Том 12. Окончание царствования Алексея Михайловича, 1645–1676 гг. | страница 4



Гетману Брюховецкому дал знать об убийстве Ладыженского сам кошевой Васютенко. «Грустна нам нынешняя весна, – писал Астап, – никто о целости народа нашего не заботится; за грехи наши и тот, кто прежде нам хлеб давал, теперь камень дать замыслил. Не знаю, кто бы был благодарен за камень, потому что он на пищу не потребен. Царское величество тешит нас листами бумажными, как детей яблоками. Пишет нам, чтоб мы верно служили, а сам, заключивши мир с королем польским, тотчас с тем же и к хану отзывается, обещая за его дружбу нам всего умалить, что, как видим, уже и начал. За что бедных людей, войною разоренных, так стесняют? Не один лице свое кровавыми слезами омывает. Не хочет государь нас, птенцов своих, под крылами держать: так милосердие божие избавит от такого ига горького, которое прежде было сахарно. Человек, желая устроить ниву для потомства, прежде терние из нее вымечет – так и предки наши, не жалея здоровья, терние из отчины своей выметывали, чтобы нам вольность уродила, которую считаем самою дорогою вещию, ибо и рыбам, и птицам, и зверям, и всякому созданию она мила. Река великая много иных речек преодолеет: так и всемогущего бога помощь все замыслы земных монархов превозможет. Не довелось не только делать, но и мыслить о том, чтоб нашу отчину к последнему разорению привести, на которое смотря и самый злой зверь, если бы имел человеческий разум, мог сжалиться. Знаю, что и стольник (Ладыженский) без ведома нашего смерть принял за то, что в городах великие обиды от них люди терпят. Однако, оставя все это, желаем с вашим вельможеством по-прежнему жить в любви. Изволь царскому величеству донести, чтоб запретил своим ратным людям чинить в городах всякие вымыслы, пусть живут по-прежнему, а если не перестанут, то чтобы больший огонь не встал, потому что, доколе живы, будем остерегать, чтобы наши права и вольности не умалились. В этом они напрасно головы свои ломают: им этого не удастся, как слепому в цель попасть; пусть монархи о том подумают, что человек начинает, а бог совершает».

Для разведания об убийстве Ладыженского Брюховецкий отправил есаула Федора Донца. 26 мая, в Троицын день, Донец приехал в Сечь; собралась рада, прочли лист гетманский и начали толковать.
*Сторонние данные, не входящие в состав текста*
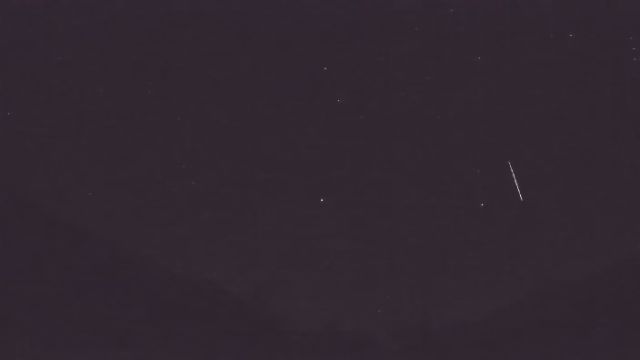 AMS224 meteor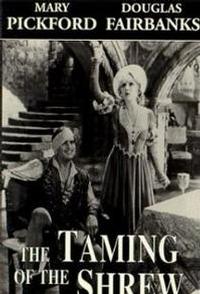 The Taming of the Shrew - Broadway Show Video Cover Art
Запорожцы, которые вышли с восточной стороны Днепра, также и те, которые хотя и с западной стороны, но жили долго в Запорожье, накинулись на тех козаков, которые недавно пришли с Дорошенковой стороны: «Это от вас такое зло учинилось; а как вас не было, так у нас, в Запорогах, такого зла не бывало». Началась брань, кошевой подошел к Донцу и сказал ему: «Уходи-ка лучше к себе в курень, а то, неровен час, убьют». Козаки с западной стороны показывали бумаги, взятые у Ладыженского, и кричали: «Вот смотрите, что написано: московский государь с королем польским, с царем турским и с ханом крымским помирился, а для чего помирился? Разумеется, для того чтоб Запорожье снести. Вот почему мы Ладыженского и потопили!»